• TASK INSTRUCTIONS: Reproduce every line of the listing as written, apart from the pictures.

• DATA SHOWN:
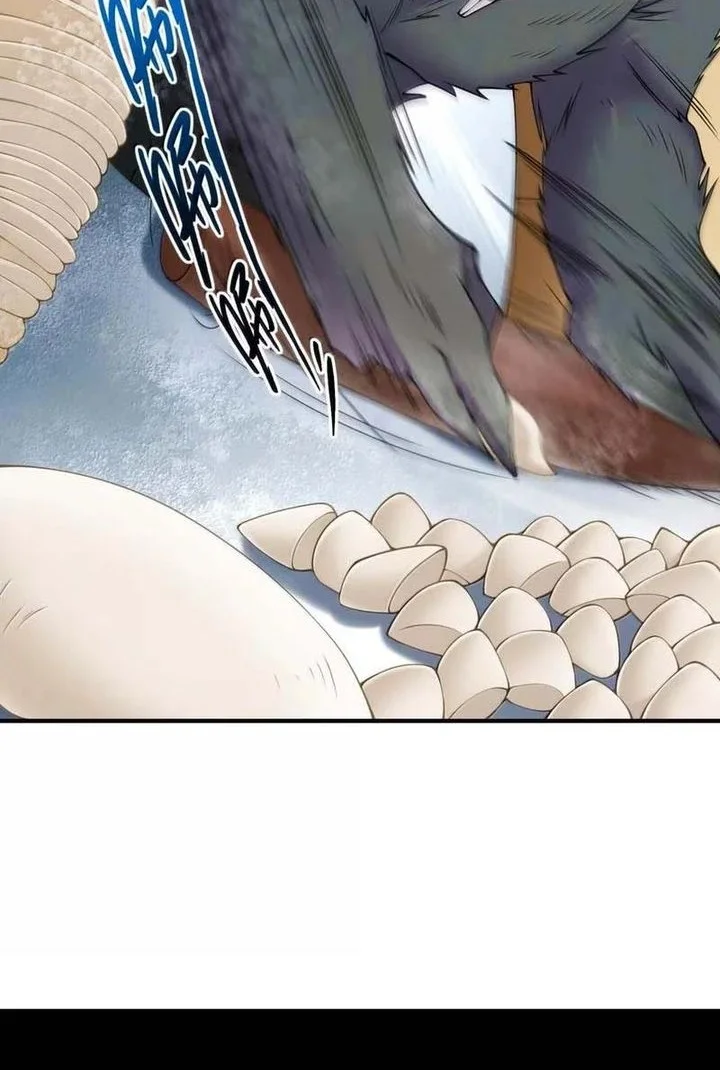 The Evil Alchemist Can’t Handle His Own Experiment Chapter 76 Gambar 35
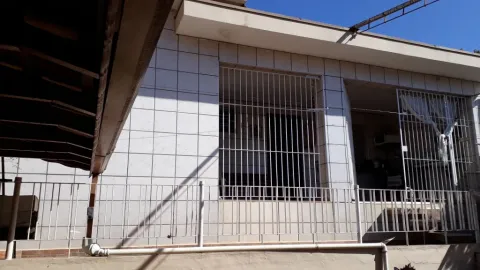 Casa - Perus, São Paulo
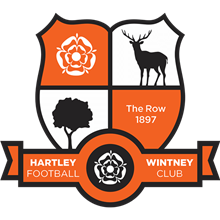 Hartley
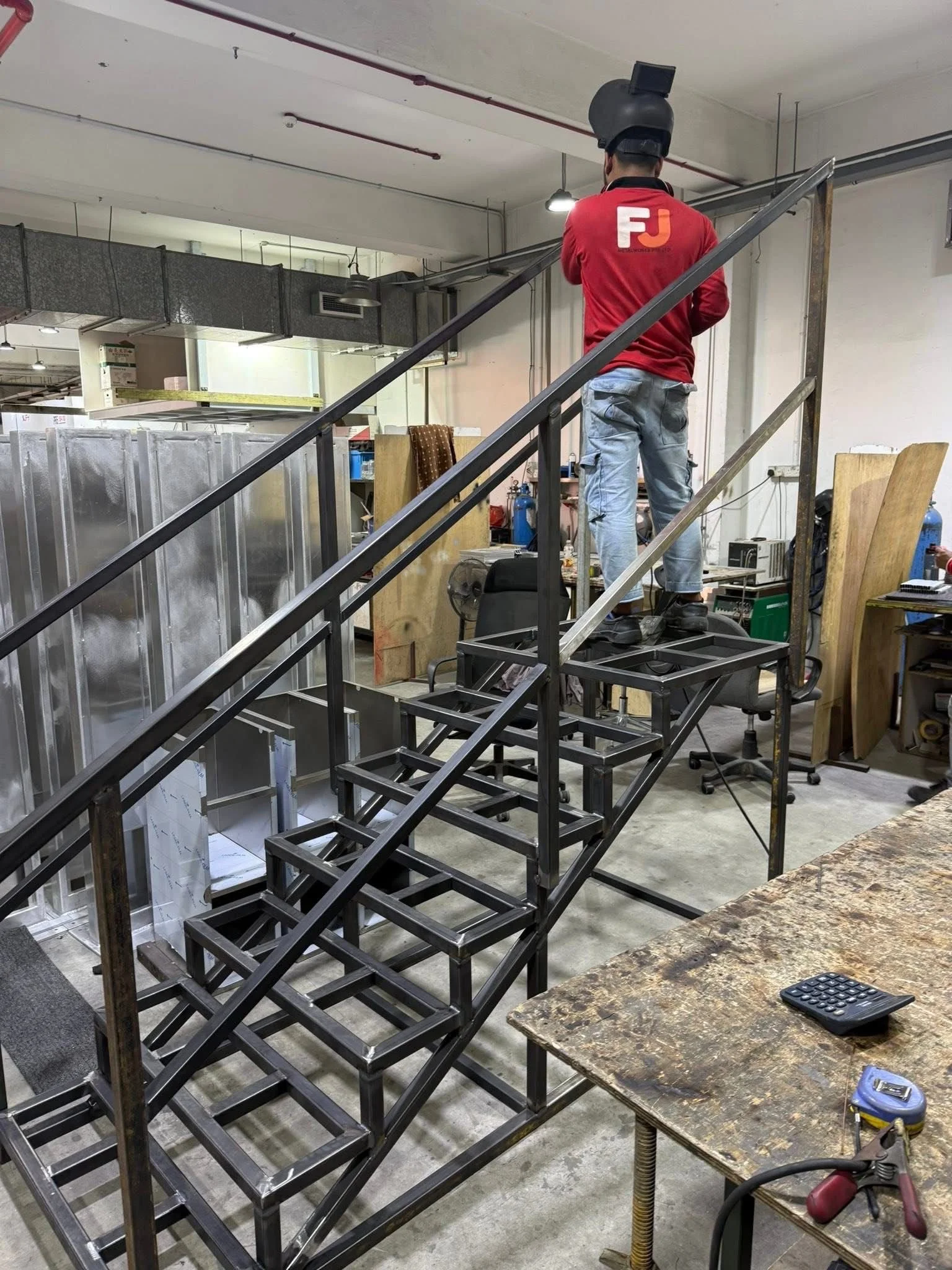 WhatsApp Image 2026-03-07 at 11.18.07 (2).jpeg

• ANSWER TO THIS TASK:
 The Evil Alchemist Can’t Handle His Own Experiment Chapter 76 Gambar 35
 Casa - Perus, São Paulo
 Hartley
 WhatsApp Image 2026-03-07 at 11.18.07 (2).jpeg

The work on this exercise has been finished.